Enclosure, Derryvillane, Co. Cork
Co. Cork |
Enclosures
Beneath an ordinary field in Derryvillane, north County Cork, the outline of an ancient enclosure survives only as a ghost in the grass.
No earthwork rises above the surface, no stone marks the boundary; what remains is legible solely from the air, and only under the right conditions. When crops grow unevenly across buried features, the differential in moisture and soil depth produces faint stripes of darker or lighter vegetation visible from altitude. It was precisely this effect that revealed, in an aerial photograph taken in July 1989, a curving arc of discolouration tracing roughly thirty metres of what appears to be a fosse, the term for a ditch typically dug as part of a defensive or enclosing boundary.
The arc runs east to west along the southern side of a levelled field fence, meaning the boundary that once helped define this enclosure has itself been erased by later agriculture. A fosse of this kind would originally have accompanied an earthen bank, together forming the perimeter of a ringfort or similar enclosed settlement, the most common monument type in the Irish landscape and one associated broadly with early medieval occupation. To the south of the arc, the same photograph shows roughly parallel linear cropmarks spaced approximately forty-five metres apart, tentatively interpreted as the traces of further levelled field boundaries. Whether these relate to the enclosure or represent a separate, later phase of land division is unclear, but their presence suggests a palimpsest of activity worked into the same ground over a long period.

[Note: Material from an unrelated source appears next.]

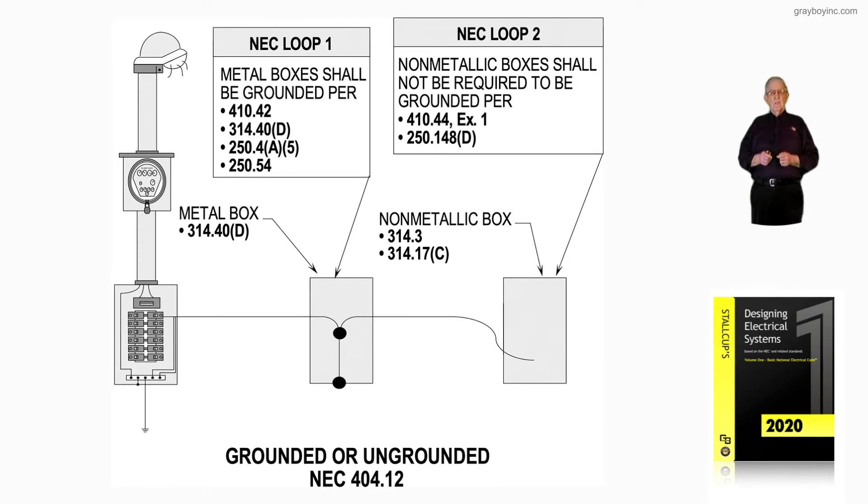This illustration deals with grounded or ungrounded in accordance with 404.12. Notice the loop to the left — metal boxes shall be grounded as required in 410.42. 314.40 deals with grounding, 250.4A5 deals with the effective ground fault path, and 250.54. That's loop 1 if you have a metal box.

There is nothing at Derryvillane that announces itself to the passing visitor. The enclosure exists as an idea more than a physical presence, reconstructed from a single aerial image captured on a summer's day over three decades ago. The field has been levelled, the banks gone, the ditch filled. What the cropmark records is an outline, a c. 30-metre arc of something that was once a complete and functioning boundary around a life now entirely undocumented.